The State of India’s Birds 2020 Report was recently released at the 13th COP Convention on the Conservation of Migratory Species of Wild Animals, Gandhinagar, Gujarat. The report has been prepared with the help of a massive database of more than 10 million observations uploaded by 15,000 birdwatchers on the ‘e-bird’ platform.
It is India’s first of its kind report that highlights observations by birdwatchers form the basis of the analyses. The project was started in May 2018 as a means to collect the actual data of birds in India. The final report was released on February 17, 2020, at 13th COP to the convention on migratory species held in Gujarat.
Key Highlights of Report
• The report suggests that about 867 birds were assessed which made it clear that almost all the species are declining.
• The report categorises 101 species as of High Conservation Concern, 59 based on their range size and abundance trends, and an additional 42 based on their IUCN Red List status.
• According to the report, India has witnessed a big decline in migratory shorebirds, raptors, Indian Vulture, Large-billed Lea Warbler, Curlew Sandpiper, Richard’s Pipit and While-rumped Vulture.
• The report also highlights that some species have increased in numbers such as Glossy Ibis, Rosy Starling, Ashy Prinia, and Feral Pigeon.

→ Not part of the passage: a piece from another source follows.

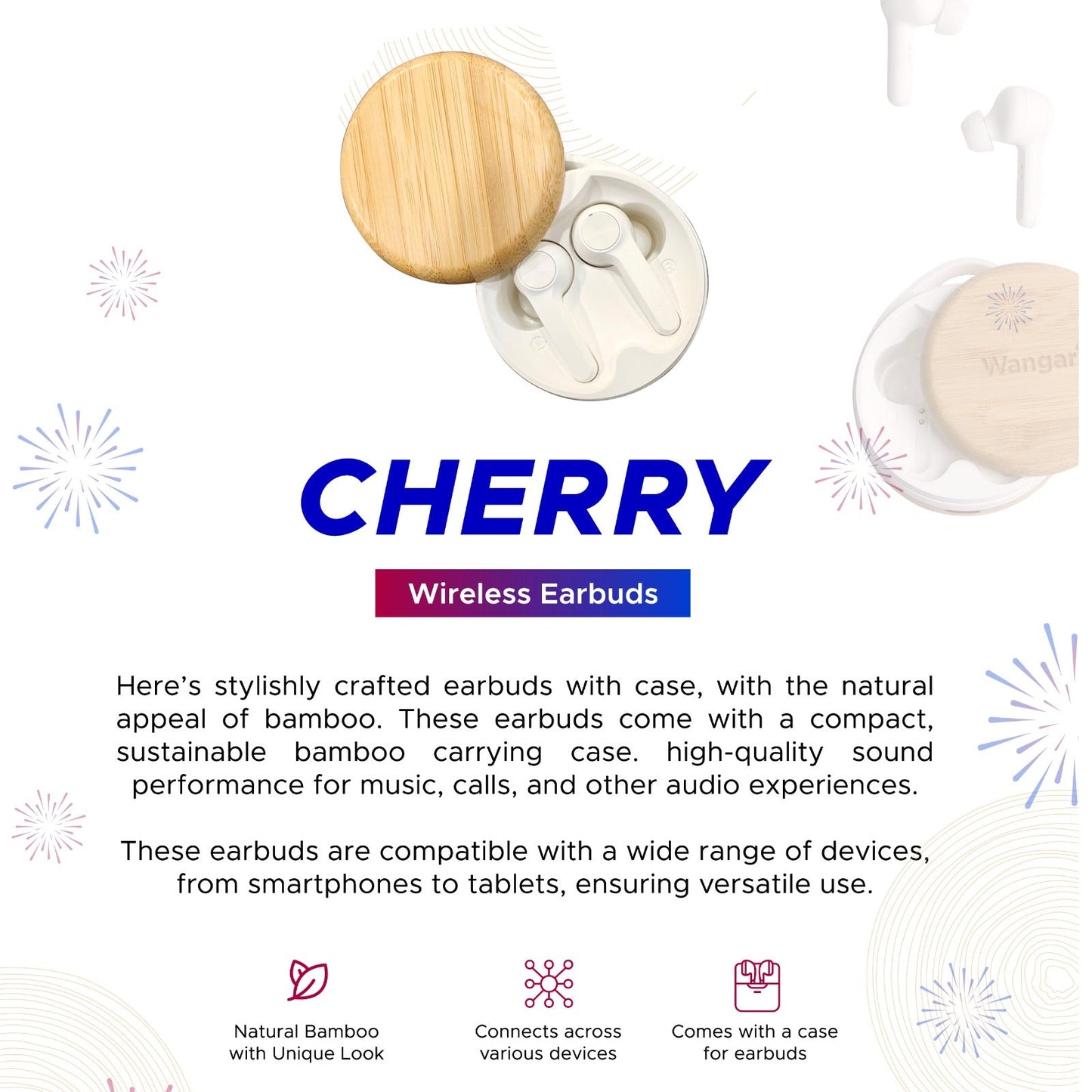 Personalized Bamboo Wireless Earbuds - For Corporate Gifting, Event Gifting, Stakeholder Gifting, Freebies, Promotions, Return Gift - HKWAE9001 - The Gifting Marketplace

• Birds were divided into different categories – 101 birds as a high concern, 319 birds as moderate concern and 442 birds as low concern species.
Growth of Indian Peacock
The State of India’s Birds 2020 Report said that numbers of Indian Peacock have increased. The report also highlights that good growth has been observed in Indian Peacock’s population. Indian Peacock has also mentioned as the species of ‘least concern’ on the IUCN list.
Status of House Sparrow
The report said that the number of India’s domestic or house sparrow has decreased in large cities but almost stable overall. House Sparrow is a commonly found birth across the country. It can be seen in small towns, villages also in markets. Its population is currently stable but more attention is required. The report said that there are certain reasons for decreasing numbers of house sparrows such as lack of suitable nesting sites and lack of insect (a key part of sparrow’s diet) population.
The report suggests that it is important to promote collaborations between public initiatives and researchers. It also suggests that the government should support the monitoring and conservation efforts by citizens and researchers. The report also suggests that there should be a dedicated fund for high concern species so that scientists and researchers can save those birds.